In the 20th century, it was both the czars and the capitalists in Russia who were made the targets of public hatred by the Communists on their road to power. That power created more havoc in the lives of more people than czars and capitalists ever had combined.
As in other countries and other times, today it is not just a question of which elites win out in a tug of war in America. It is the people at large who have the most at stake.
We have just seen one of the biggest free home demonstrations of what happens in an economy when politicians tell businesses what decisions to make.

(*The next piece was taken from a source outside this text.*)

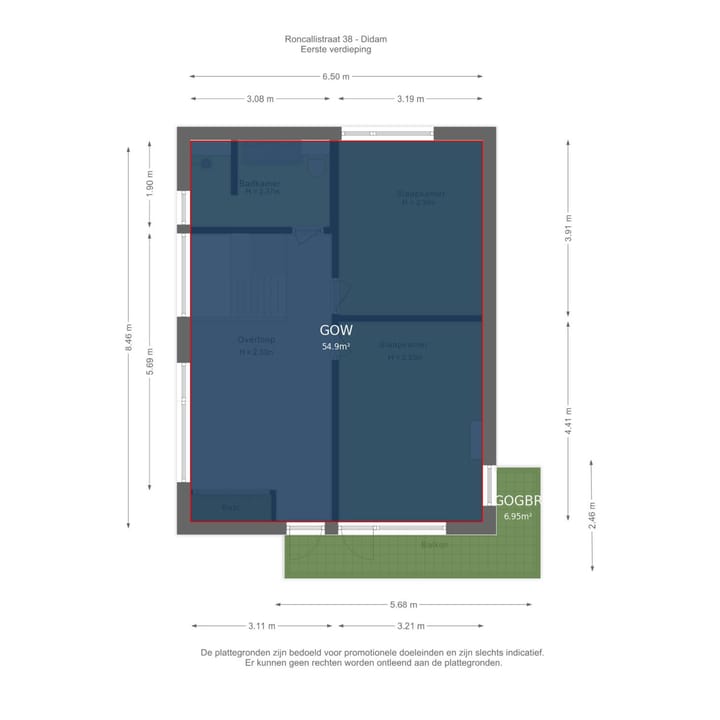 Foto 48 van Roncallistraat 38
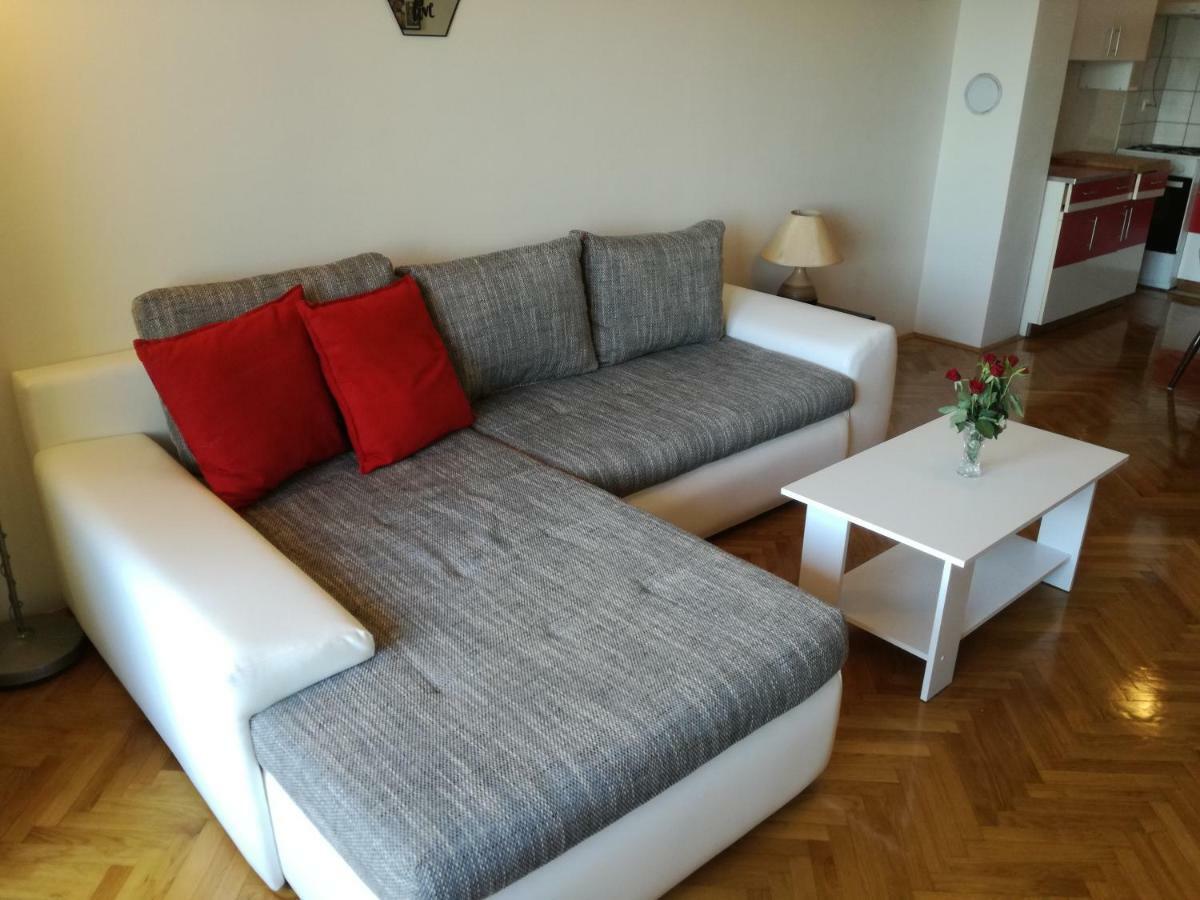 Apartman Una 크리크베니카 외부 사진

For years, using the powers of the Community Reinvestment Act and other regulatory powers, along with threats of legal action if the loan approval rates varied from the population profile, politicians have pressured banks and other lending institutions into lending to people they would not lend to otherwise.
Yet, when all this blows up in our faces and the economy turns down, what is the answer? To have more economic decisions made by politicians, because they choose to say that "deregulation" is the cause of our problems.
Regardless of how much suffocating regulation may have been responsible for an economic debacle, politicians have learned that they can get away with it if they call it "deregulation."
No matter what happens, for politicians it is "heads I win and tails you lose." If we keep listening to the politicians and their media allies, we are all going to keep losing, big time. Keeping our attention focused on CEO pay-- Boris' goat-- is all part of this game. We are all goats if we fall for it.